Pfeffer discusses and illustrates the Pfeffer apparatus, which contains the porcelain cell, in his book Osmotic Investigations. The apparatus consisted of the porcelain cell with a membrane, a connecting piece fused to the porcelain cell, and a narrow closing piece fused to the connecting piece. Together those components were five inches in length. The apparatus also included a manometer, a device used to measure pressure, that was approximately ten inches long and that was attached the other components. A glass ring covered the connection between the porcelain cell and the connecting piece with the manometer on the side. The connecting piece fastened into the porcelain cell and the closing piece attached to the other end of the connecting piece with sealing wax. The glass ring was only necessary in experiments at higher temperatures in which the sealing wax softened. At higher temperatures pitch, a residue created by the distillation of organic materials such as tar, helped to hold the inserted pieces firmly together.

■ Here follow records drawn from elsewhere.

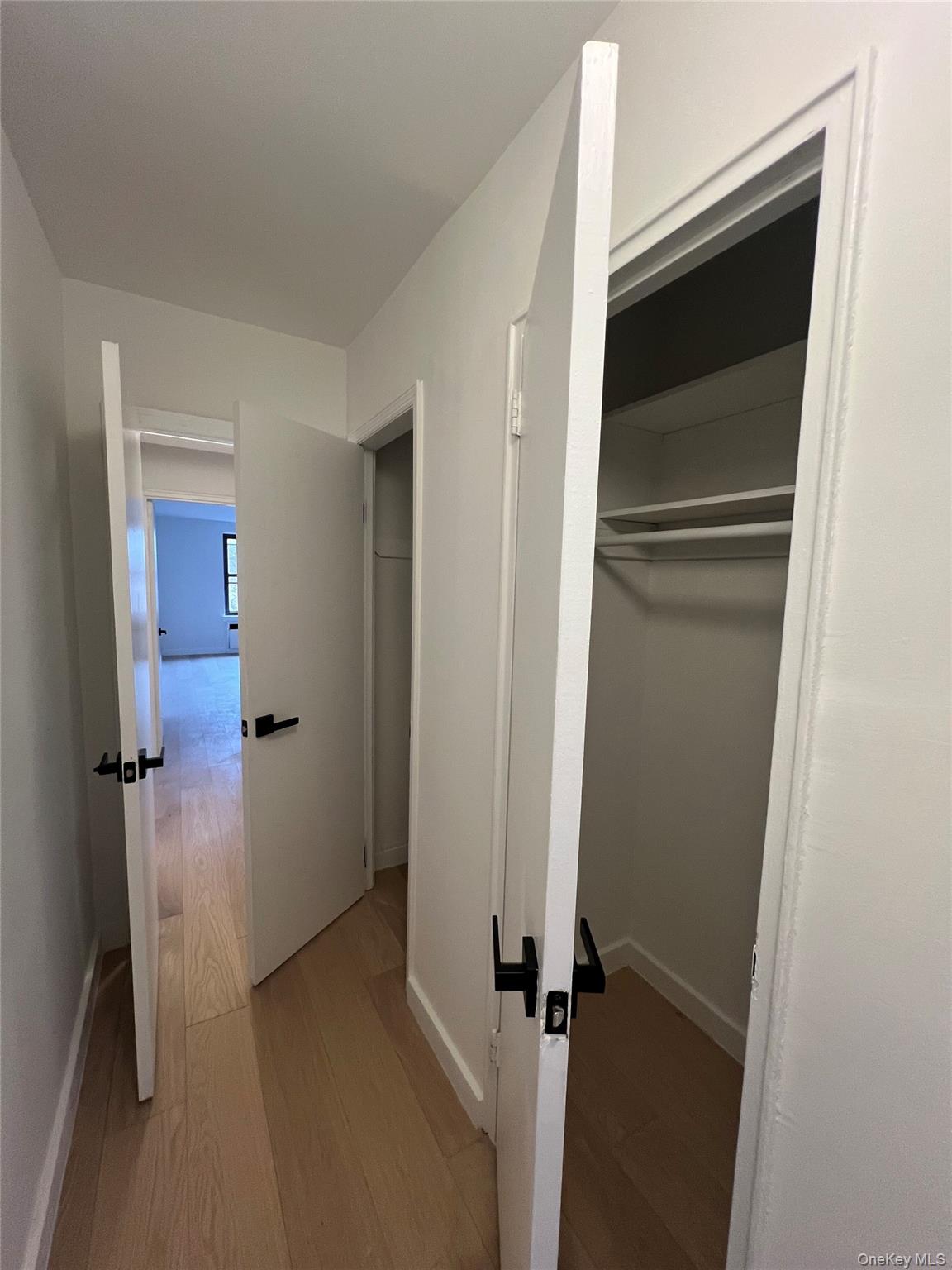 #15 photo, 445 W 240th Street, 布朗士 Bronx , NY 10463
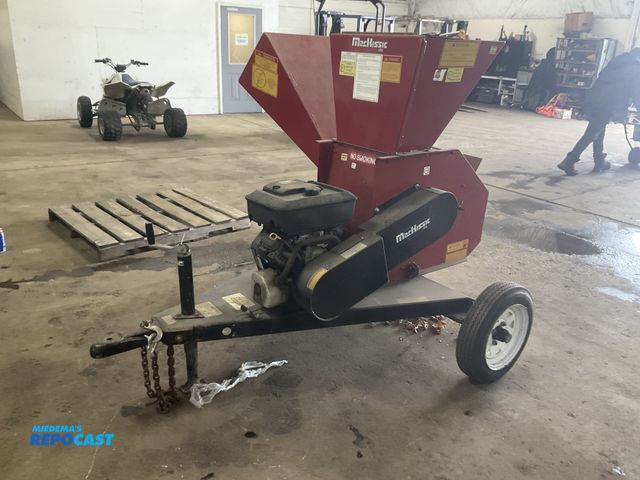 Lot 2-33560 - MacKissic Towable Chipper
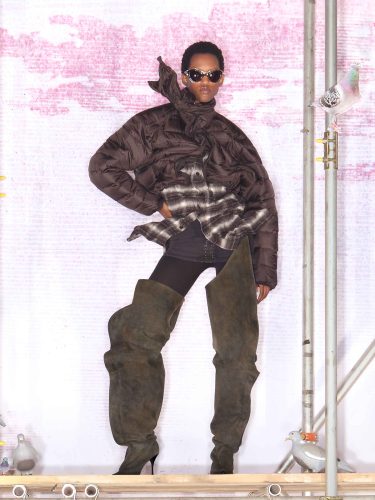 H&M e Glenn Martens: collab - Foto: Divulgação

In Osmotic Investigations Pfeffer gives a general account of the preparation of the porcelain cell and then a detailed explanation of the preparation of the porcelain cell before precipitation of the membrane. Pfeffer detailed the production of the cell because in previous experiments performed by Traube the membrane tore under pressure. Pfeffer prepared the membrane so that it was sturdier than Traube's membranes under pressure, which was a feature that enabled Pfeffer to measure the amount of osmotic pressure accurately. Pfeffer's membrane was thicker and more resistant, which helped it counteract greater pressures.

In the general description, the porcelain cell was treated with water then placed in a dilute solution of copper sulfate. Either immediately or after some time, Pfeffer introduced the interior of the cell to a solution of potassium ferrocyanide. After some time, a membrane of copper ferrocyanide formed in the porcelain cell.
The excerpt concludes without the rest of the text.